**Work required**:
Restate word for word only the lines from the one with "シンプルイエローグレー抽象芸術お名前 ヨガマット (正面)" through the end of the records; no pictures belong in the copy.

**Provided entries**:
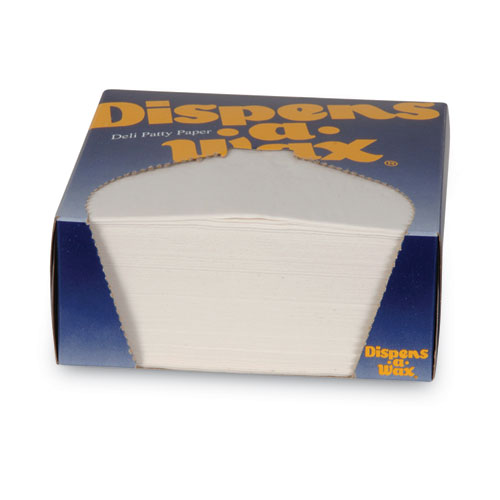 Picture of Dispens-A-Wax Waxed Deli Patty Paper, 4.75 x 5, White, 1,000/Box, 24 Boxes/Carton
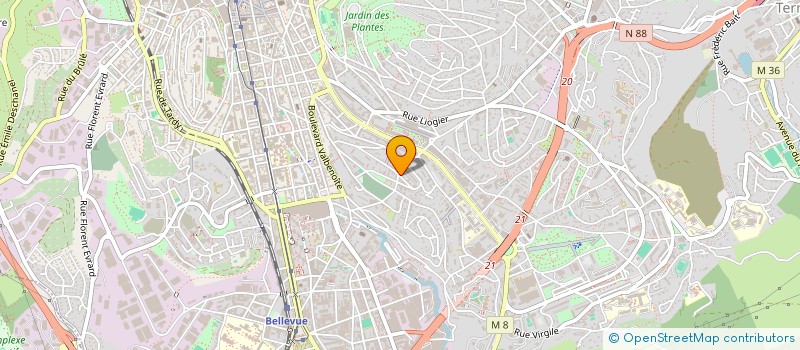 localisation de l'entreprise MONSIEUR GUY SERPANTIE  SAINT-ETIENNE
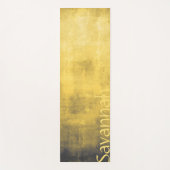 シンプルイエローグレー抽象芸術お名前 ヨガマット (正面)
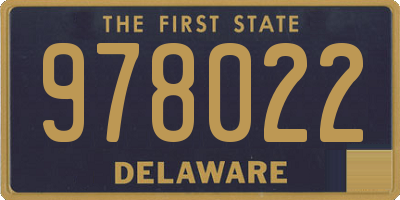 DE license plate 978022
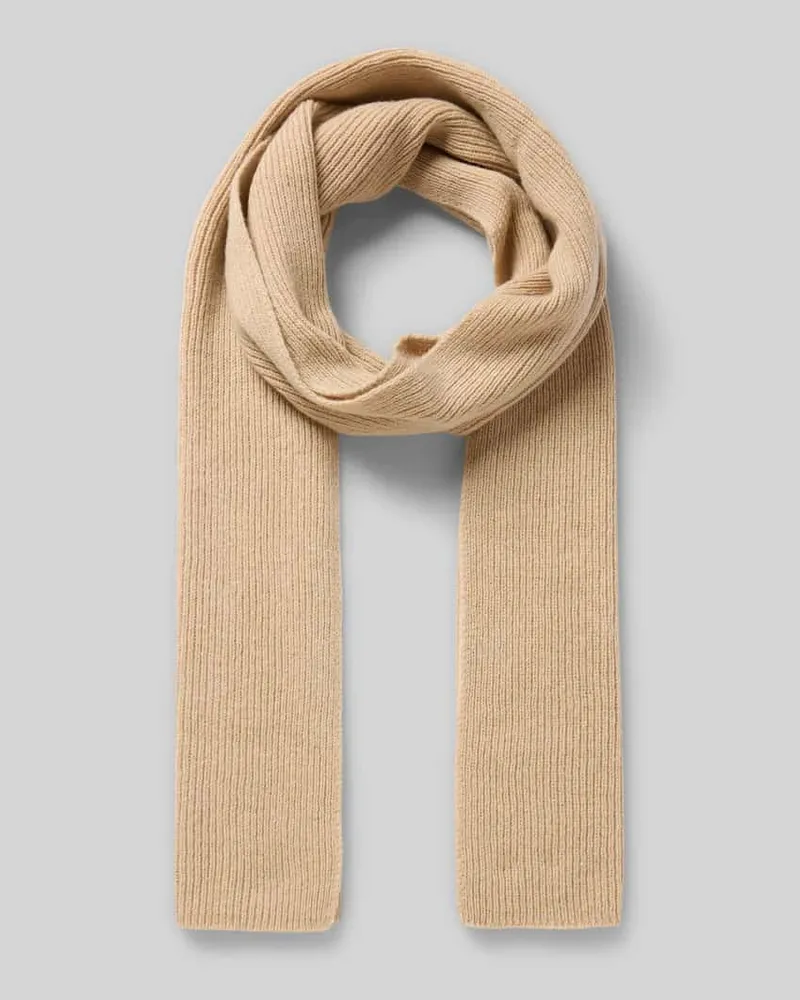 UNIO Schal aus Schurwoll-Mix mit Kaschmir-Anteil Beige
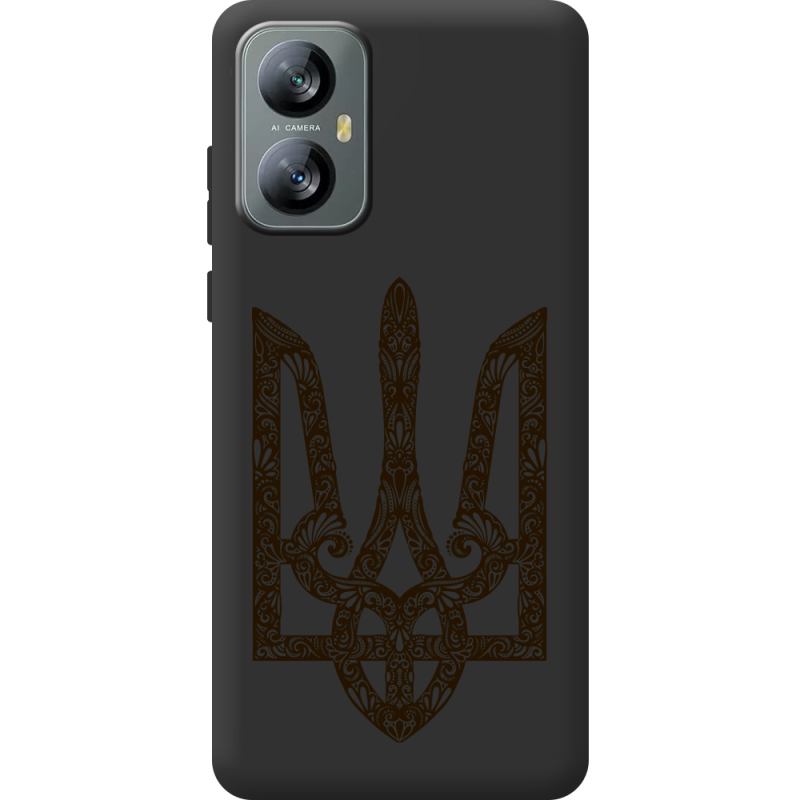 Чорний чохол BoxFace Blackview A52 Ukrainian Trident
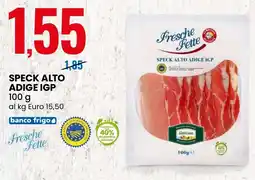 Eurospin Speck alto adige IGP offerta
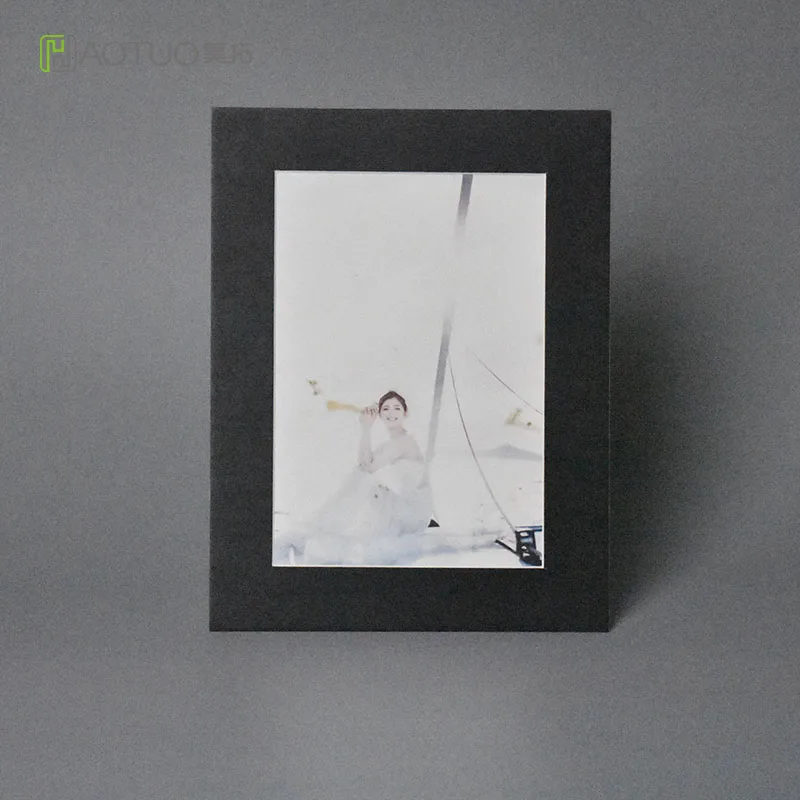 HT Photo Frame Acid Free Cardboard Photo Easel Mats For 6 inch Picture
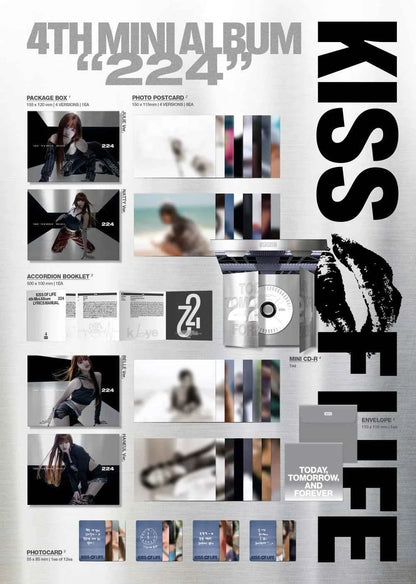 kiss of life - 4th mini album [224] digipack ver.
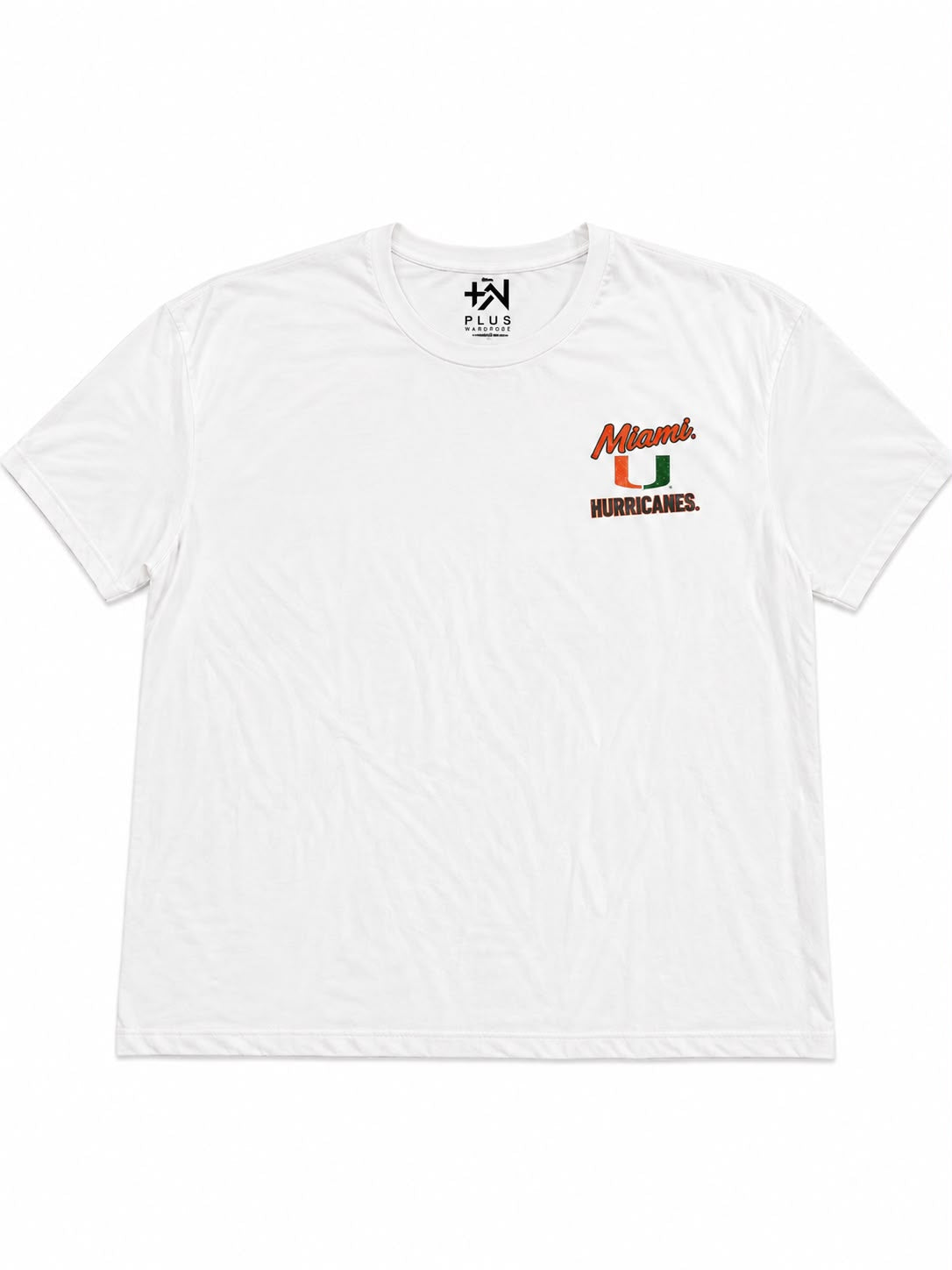 Plus Sized Printed T-Shirt - White - HURRICANES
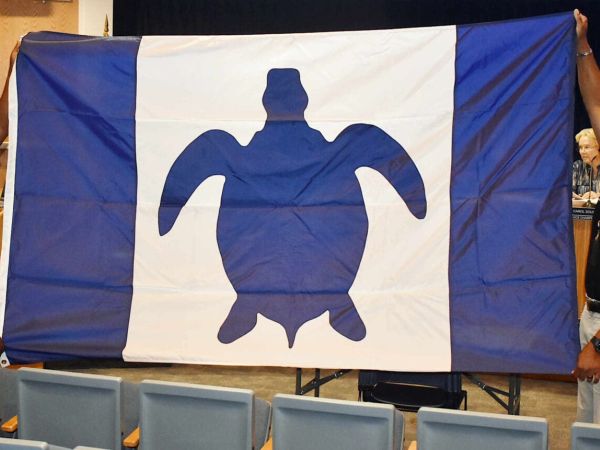 Mayor unveils new city flag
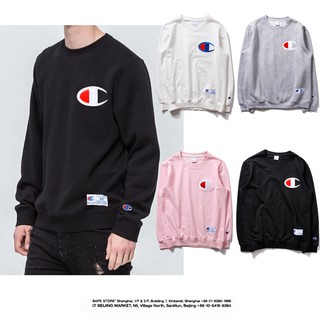 Áo Sweater Lót Nhung Thêu Logo Xinh Xắn Cho Cặp Đôi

**Solution to the exercise**:
 シンプルイエローグレー抽象芸術お名前 ヨガマット (正面)
 DE license plate 978022
 UNIO Schal aus Schurwoll-Mix mit Kaschmir-Anteil Beige
 Чорний чохол BoxFace Blackview A52 Ukrainian Trident
 Eurospin Speck alto adige IGP offerta
 HT Photo Frame Acid Free Cardboard Photo Easel Mats For 6 inch Picture
 kiss of life - 4th mini album [224] digipack ver.
 Plus Sized Printed T-Shirt - White - HURRICANES
 Mayor unveils new city flag
 Áo Sweater Lót Nhung Thêu Logo Xinh Xắn Cho Cặp Đôi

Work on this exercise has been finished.